[Short web captions]
>>

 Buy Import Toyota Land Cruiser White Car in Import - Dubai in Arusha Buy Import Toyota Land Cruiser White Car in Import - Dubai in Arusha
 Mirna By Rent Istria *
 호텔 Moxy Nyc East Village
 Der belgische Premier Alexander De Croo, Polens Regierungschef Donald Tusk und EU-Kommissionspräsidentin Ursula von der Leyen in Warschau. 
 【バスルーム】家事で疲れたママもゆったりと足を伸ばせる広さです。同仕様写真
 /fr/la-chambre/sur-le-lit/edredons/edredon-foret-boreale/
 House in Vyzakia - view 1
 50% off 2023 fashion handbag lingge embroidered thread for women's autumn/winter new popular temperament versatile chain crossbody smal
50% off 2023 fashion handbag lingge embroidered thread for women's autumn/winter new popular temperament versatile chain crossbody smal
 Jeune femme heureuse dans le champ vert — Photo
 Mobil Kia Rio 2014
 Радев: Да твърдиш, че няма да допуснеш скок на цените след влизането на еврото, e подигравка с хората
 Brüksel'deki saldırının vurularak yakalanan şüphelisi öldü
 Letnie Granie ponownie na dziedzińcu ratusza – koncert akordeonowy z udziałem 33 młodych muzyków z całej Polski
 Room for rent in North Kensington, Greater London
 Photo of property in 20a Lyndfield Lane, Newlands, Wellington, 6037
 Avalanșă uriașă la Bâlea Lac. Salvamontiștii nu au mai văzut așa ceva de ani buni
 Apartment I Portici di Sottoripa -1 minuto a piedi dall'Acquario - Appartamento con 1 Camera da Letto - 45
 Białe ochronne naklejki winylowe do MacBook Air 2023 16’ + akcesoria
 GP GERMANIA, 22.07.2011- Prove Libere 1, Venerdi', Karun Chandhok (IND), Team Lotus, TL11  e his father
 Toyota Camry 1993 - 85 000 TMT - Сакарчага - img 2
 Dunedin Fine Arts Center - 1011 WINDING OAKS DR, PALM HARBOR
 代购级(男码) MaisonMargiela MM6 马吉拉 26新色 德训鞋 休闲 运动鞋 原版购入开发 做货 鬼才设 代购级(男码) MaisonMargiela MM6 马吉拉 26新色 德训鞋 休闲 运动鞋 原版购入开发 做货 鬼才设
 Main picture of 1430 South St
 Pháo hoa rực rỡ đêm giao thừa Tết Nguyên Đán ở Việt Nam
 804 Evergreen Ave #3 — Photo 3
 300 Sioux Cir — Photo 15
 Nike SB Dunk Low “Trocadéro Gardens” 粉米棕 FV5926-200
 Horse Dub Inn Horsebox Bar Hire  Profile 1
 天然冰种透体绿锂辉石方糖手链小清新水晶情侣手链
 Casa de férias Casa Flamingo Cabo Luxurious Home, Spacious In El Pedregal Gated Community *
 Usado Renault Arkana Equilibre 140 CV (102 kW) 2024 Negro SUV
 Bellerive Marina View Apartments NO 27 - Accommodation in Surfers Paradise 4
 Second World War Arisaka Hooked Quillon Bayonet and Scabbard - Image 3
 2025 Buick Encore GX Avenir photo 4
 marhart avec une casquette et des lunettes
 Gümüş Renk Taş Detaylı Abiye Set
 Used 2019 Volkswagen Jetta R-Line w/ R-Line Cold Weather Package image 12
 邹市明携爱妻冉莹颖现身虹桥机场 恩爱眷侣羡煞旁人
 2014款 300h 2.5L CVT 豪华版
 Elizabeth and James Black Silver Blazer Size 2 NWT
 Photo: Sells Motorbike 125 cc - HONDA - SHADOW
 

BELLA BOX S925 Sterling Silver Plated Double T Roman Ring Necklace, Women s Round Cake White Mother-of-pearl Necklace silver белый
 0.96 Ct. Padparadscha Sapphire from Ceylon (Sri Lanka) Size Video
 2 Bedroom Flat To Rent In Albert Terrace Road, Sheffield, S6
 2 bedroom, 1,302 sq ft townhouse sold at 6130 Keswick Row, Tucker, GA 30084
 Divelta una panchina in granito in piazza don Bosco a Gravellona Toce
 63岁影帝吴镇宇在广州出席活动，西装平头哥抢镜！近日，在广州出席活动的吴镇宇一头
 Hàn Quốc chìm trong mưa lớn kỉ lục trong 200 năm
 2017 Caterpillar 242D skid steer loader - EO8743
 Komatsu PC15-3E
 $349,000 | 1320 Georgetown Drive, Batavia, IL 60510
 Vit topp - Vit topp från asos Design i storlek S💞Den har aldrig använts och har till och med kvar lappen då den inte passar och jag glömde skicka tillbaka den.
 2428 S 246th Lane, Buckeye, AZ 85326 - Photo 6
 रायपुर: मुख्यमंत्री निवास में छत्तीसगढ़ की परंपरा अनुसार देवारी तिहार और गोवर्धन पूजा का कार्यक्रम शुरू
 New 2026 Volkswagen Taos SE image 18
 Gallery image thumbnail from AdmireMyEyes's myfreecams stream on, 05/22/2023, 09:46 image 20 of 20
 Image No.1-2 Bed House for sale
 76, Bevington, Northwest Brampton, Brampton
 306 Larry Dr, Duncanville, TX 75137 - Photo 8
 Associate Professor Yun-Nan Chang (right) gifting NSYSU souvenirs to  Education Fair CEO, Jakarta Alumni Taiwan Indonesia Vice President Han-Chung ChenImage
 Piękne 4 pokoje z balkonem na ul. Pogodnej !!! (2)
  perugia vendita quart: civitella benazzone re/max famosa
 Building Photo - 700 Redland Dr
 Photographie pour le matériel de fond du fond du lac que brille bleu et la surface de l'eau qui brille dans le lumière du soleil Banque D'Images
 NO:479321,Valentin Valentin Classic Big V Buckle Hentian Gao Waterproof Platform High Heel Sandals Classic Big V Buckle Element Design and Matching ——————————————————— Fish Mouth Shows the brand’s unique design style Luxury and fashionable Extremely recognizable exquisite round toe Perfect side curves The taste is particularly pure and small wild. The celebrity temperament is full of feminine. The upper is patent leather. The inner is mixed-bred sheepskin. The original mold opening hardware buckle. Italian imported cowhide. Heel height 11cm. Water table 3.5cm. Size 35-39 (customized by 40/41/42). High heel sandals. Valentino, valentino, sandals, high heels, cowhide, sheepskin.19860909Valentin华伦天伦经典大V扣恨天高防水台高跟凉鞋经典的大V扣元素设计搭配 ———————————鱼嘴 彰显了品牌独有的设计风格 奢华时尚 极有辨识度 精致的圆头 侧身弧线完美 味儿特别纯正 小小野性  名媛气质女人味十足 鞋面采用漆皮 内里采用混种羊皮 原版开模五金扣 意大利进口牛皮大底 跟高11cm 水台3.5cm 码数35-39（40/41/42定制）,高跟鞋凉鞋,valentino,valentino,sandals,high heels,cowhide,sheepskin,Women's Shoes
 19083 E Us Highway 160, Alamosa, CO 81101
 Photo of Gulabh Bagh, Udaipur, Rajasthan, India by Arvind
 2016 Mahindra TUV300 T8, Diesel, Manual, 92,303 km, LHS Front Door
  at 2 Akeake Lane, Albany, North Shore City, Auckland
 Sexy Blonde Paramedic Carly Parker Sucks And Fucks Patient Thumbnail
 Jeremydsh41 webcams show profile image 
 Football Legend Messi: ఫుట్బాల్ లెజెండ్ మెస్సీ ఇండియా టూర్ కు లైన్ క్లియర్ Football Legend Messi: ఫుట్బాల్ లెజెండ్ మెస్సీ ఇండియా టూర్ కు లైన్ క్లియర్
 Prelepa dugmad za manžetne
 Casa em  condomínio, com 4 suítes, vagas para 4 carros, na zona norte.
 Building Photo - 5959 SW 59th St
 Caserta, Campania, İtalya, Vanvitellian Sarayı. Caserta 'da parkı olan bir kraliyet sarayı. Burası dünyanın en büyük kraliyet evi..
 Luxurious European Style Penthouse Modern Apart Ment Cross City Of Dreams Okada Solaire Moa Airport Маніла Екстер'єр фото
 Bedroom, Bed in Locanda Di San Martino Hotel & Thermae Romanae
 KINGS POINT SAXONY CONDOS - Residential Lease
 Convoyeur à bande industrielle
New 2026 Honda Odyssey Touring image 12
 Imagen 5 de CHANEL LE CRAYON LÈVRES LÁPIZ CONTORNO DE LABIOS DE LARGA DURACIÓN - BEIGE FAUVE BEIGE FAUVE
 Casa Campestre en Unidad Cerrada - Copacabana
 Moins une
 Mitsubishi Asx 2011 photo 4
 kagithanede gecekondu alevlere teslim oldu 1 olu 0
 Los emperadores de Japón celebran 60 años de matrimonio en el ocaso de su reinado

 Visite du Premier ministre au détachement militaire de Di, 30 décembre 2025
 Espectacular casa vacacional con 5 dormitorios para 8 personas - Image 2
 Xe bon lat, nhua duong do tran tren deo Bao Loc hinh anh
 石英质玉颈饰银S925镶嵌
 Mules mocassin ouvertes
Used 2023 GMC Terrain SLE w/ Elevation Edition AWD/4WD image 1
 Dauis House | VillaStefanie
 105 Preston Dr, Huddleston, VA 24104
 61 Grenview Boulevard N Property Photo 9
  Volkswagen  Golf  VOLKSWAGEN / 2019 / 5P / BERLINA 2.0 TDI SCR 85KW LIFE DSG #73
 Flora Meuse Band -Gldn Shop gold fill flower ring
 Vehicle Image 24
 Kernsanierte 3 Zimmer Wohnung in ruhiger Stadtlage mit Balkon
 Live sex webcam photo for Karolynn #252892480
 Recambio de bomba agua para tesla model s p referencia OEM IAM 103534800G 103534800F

<<

▶ **TASK INSTRUCTIONS**: Determine how many lines in the records above have the string "Luxurious". Only the number should be returned.

▶ **RESULT FOR THIS EXERCISE**: 2